■ **WORK REQUEST**: The data below contains pictures, which are to be skipped; the lines starting at the line with "Wholesale ???? Car" and ending at the line with "1N4AL3AP9HC289257 2017 NISSAN" are to be output exactly, both ends included.

===== SUPPLIED ENTRIES =====

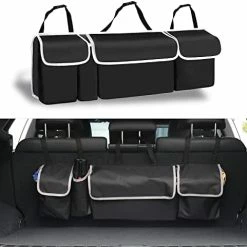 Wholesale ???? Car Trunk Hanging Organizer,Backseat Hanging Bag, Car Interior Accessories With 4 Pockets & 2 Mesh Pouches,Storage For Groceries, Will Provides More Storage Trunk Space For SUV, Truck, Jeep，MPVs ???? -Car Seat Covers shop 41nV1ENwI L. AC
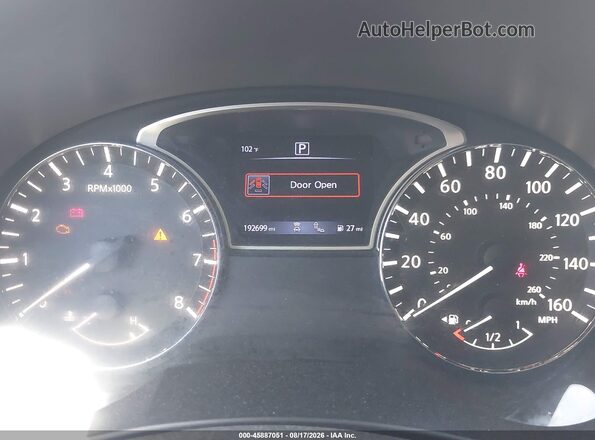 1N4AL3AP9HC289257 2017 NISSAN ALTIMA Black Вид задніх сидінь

=====
===== SUPPLIED ENTRIES =====

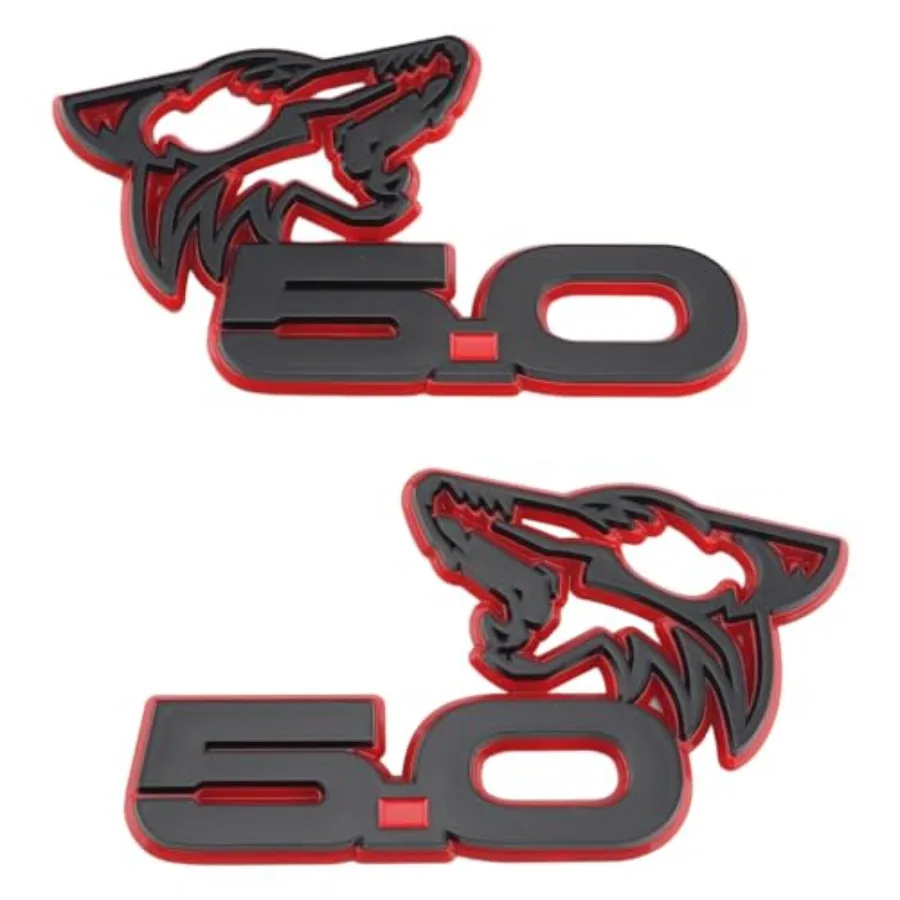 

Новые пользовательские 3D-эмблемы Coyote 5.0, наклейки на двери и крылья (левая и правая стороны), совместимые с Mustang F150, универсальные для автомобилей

=====

■ **TASK ANSWER**:
 Wholesale ???? Car Trunk Hanging Organizer,Backseat Hanging Bag, Car Interior Accessories With 4 Pockets & 2 Mesh Pouches,Storage For Groceries, Will Provides More Storage Trunk Space For SUV, Truck, Jeep，MPVs ???? -Car Seat Covers shop 41nV1ENwI L. AC
 1N4AL3AP9HC289257 2017 NISSAN ALTIMA Black Вид задніх сидінь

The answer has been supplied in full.